Boaters are taking group ‘flings’ to the Bahamas this summer

Up to 30 boats travel together from Fort Lauderdale to the Bahamas on “flings “hosted by the Bahamas’ Ministry of Tourism.
(Sun Sentinel)

Through June and July, Florida boaters can participate in boating flings, in which groups of up to 30 boats follow one another across the Gulf Stream to the Bahamas.

The Bahamas Ministry of Tourism hosts the trips, which visit Bimini, Abaco, Harbour Island and Eleuthera, in order to teach boaters how to safely travel from Florida to the Bahamas.

Flings depart Thursdays out of Fort Lauderdale at the Bahia Mar Yacht Club, 801 Seabreeze Boulevard, and return Sundays. Trips cost $75.

There are six trips this summer: two to Bimini, June 20-24 and June 27-July 1, followed by an extended fling July 11-22 to the Abacos, Harbour Island and Eleuthera. Two more trips to Bimini will take place July 25-29 and Aug. 1-5.


Dock space is on a first-come, first-serve basis. Boats must be at least 22 feet long to participate, and the trips mostly cater to motorboats. It usually only takes about three hours to complete the 60-mile trip.

However, since Bimini is a quicker trip, if someone had a sailboat with a motor that met the size requirements, that could be accommodated, a company spokeswoman said.

Boaters are all given information on safety materials and gear to bring with them before departure to ensure they are prepared for the trip.

The flings are led by Richard Treco, senior marketing manager at the Bahamas Ministry of Tourism and Aviation.
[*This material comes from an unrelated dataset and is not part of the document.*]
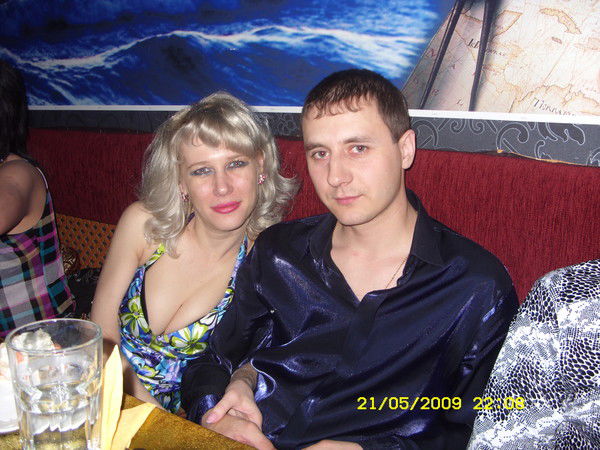 Алексей *************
Treco has been leading the trips for the nearly 38 years the Bahamas have offered them.


“We pair up boats with a similar speed, so they look out for each other. We give them GPS coordinates and show them how to read hazards so they can navigate safely in the Bahamian waters. We teach them a lot of important things,” Treco says.

Moreover, there’s a “no boat left behind” policy for all boats in case someone in the group has a mechanical issue and needs repair, or to have assistance called.

Explore events across the state of Florida this July.

Teco says they started the trips following a survey that found Florida boaters were scared to travel outside state waters. “These trips show them how to [make it to the Bahamas] so they can do it on their own later,” he says.


Treco recently returned from taking a group of six boaters to Grand Bahama. “The ones I took this week were raving about the trip and didn’t want to leave,” he says.

There is no itinerary once the boaters arrive on the islands. Treco says they used to coordinate itineraries, but people wanted to do things on their own. Now, he suggests places to go diving and fishing and makes sure the group understands how to navigate the waters before sending them off. Then, the group meets back up Sunday and returns to Fort Lauderdale together.